帖子发表于: 星期三 十月 03, 2007 8:22 pm    发表主题: Neuromancer 引用并回复

On Gibsonian Cyberspace in Neuromancer

(The full-text version of the essay is published in Cultural Studies Monthly, an online bi-lingual journal launched by Cultural Studies Association, Taiwan, and it can be accessed at http://hermes.hrc.ntu.edu.tw/csa/journal/72/journal_park72x.htm The following are the introduction to and plot outline for Neuromancer)


Introduction

In 1984, William Gibson’s ground-breaking debut novel, Neuromancer, gained a cult-status soon after being published, and it also won a trio of the most prestigious awards in the science fiction world: the Hugo, the Nebula, and the Philip K. Dick. Featuring an electronically created virtual space where human consciousness can enter through a special device connected to the nervous system, Neuromancer is diverges from science fiction tradition by setting its alternative world not in some far-away galaxy, but in an imagined dimension behind the computer screen. Cyberspace1, a term coined by Gibson to name this digital environment, had not only inspired a new breed of science fiction recognized as "cyberpunk,"2 but also found its way into the official English lexicon as internet technology came into being years later in uncanny accordance to Gibson’s vision (Chuo, 2002:14). Until the present, the novel’s continued relevance and resonance can be boiled down to this single, religiously evoked image:

“The matrix has its roots in primitive arcade games,” said the voice over, “in early graphic programs and military experimentation with cranial jack.” … “Cyberspace. A consensual hallucination experienced daily by billions of legitimate operators, in every nation, by children being taught mathematical concepts...A graphic representation of data abstracted from the banks of every computer in the human system. Unthinkable complexity. Lines of light ranged in the nonspace of the mind, clusters and constellations of data. Like city lights, receding…” (1984:51)

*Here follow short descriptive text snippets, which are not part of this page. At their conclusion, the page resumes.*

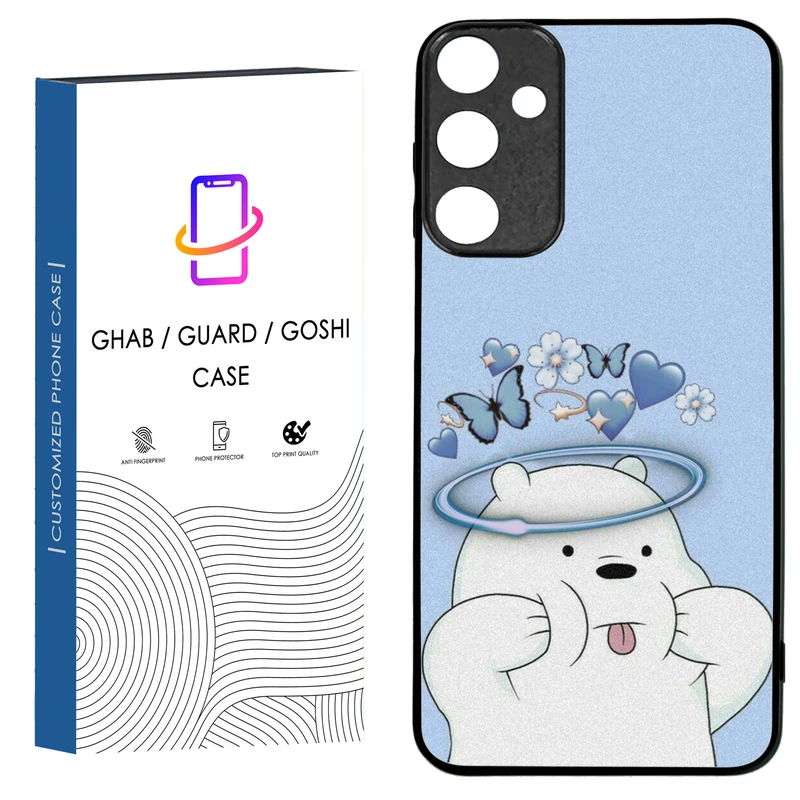 کاور قاب گارد گوشی طرح دخترانه کد 42- TPU مناسب برای گوشی موبایل  سامسونگ Galaxy A15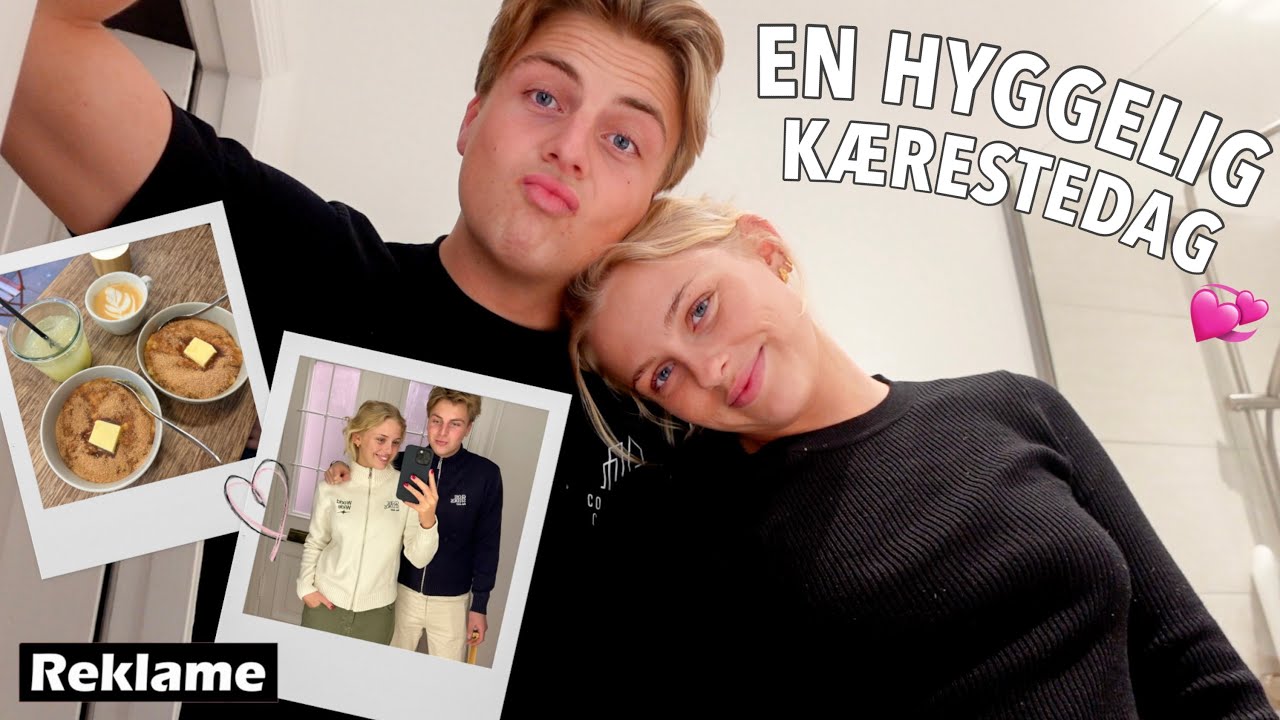 VLOG: En hel dag med min k&aelig;reste og jeg!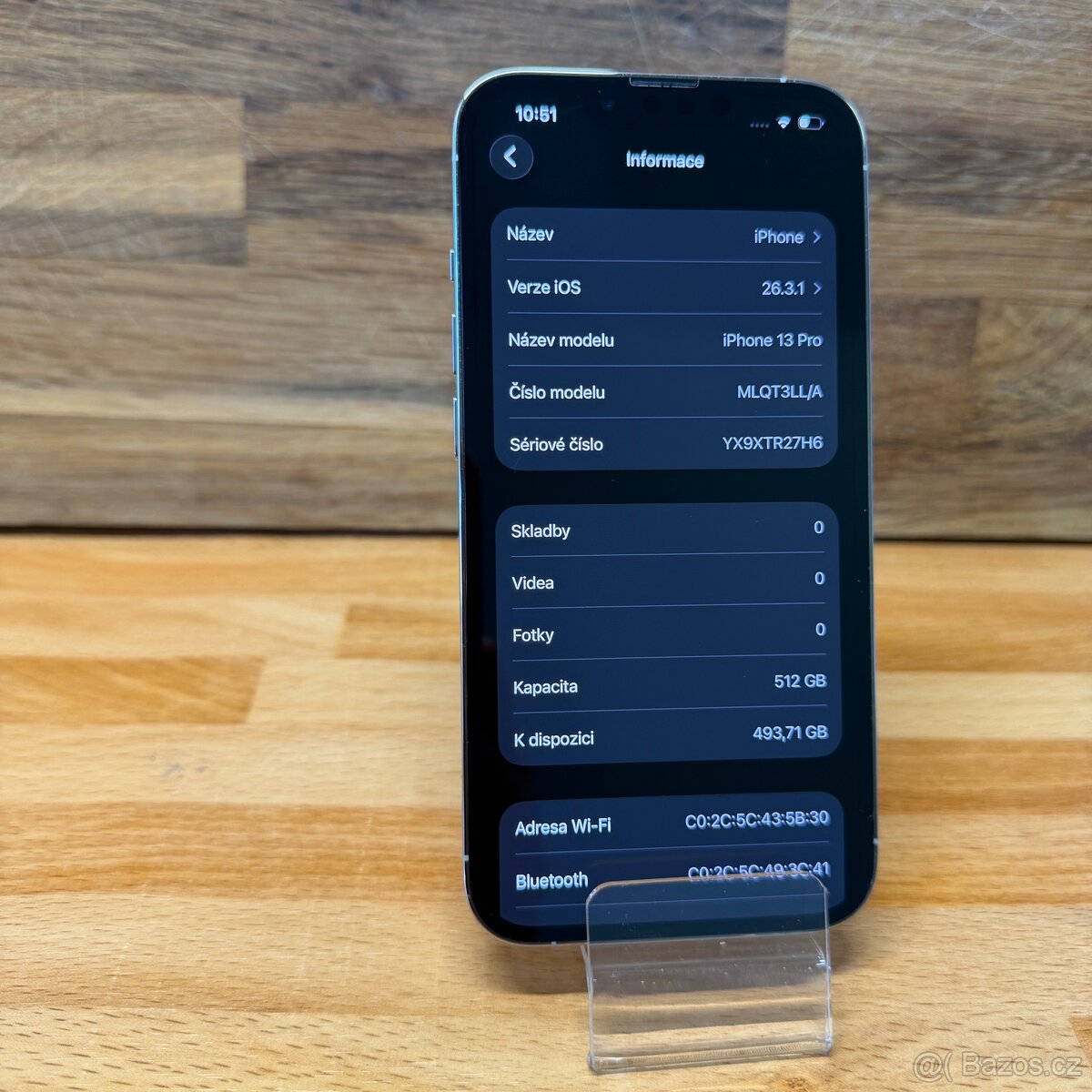 iPhone 13 Pro 512GB, bílý (rok záruka) - 8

Like all great mythic images, cyberspace suggests more than it explains. By creating a space that follows the virtual laws of thought rather than the concrete laws of matter, cyberspace suspends the usual scientific rules that constrain the physical reality where human bodies live, and it provides a shared interactive environment, an electronic "soul-space" that beckons the postmodern psyche to both find and remake itself (Davis, 1998:191-2). Recent theoretical works on cyberspace and its related social manifestations have reiterated the free-floating exchanges between culture, society and technology. For example, Featherstone and Burrows (1995:1-19) term cyberspace and related phenomena "cultures of technological embodiment", and they affirm that cyberpunk science fiction can be read both as fiction and as "social and cultural theory".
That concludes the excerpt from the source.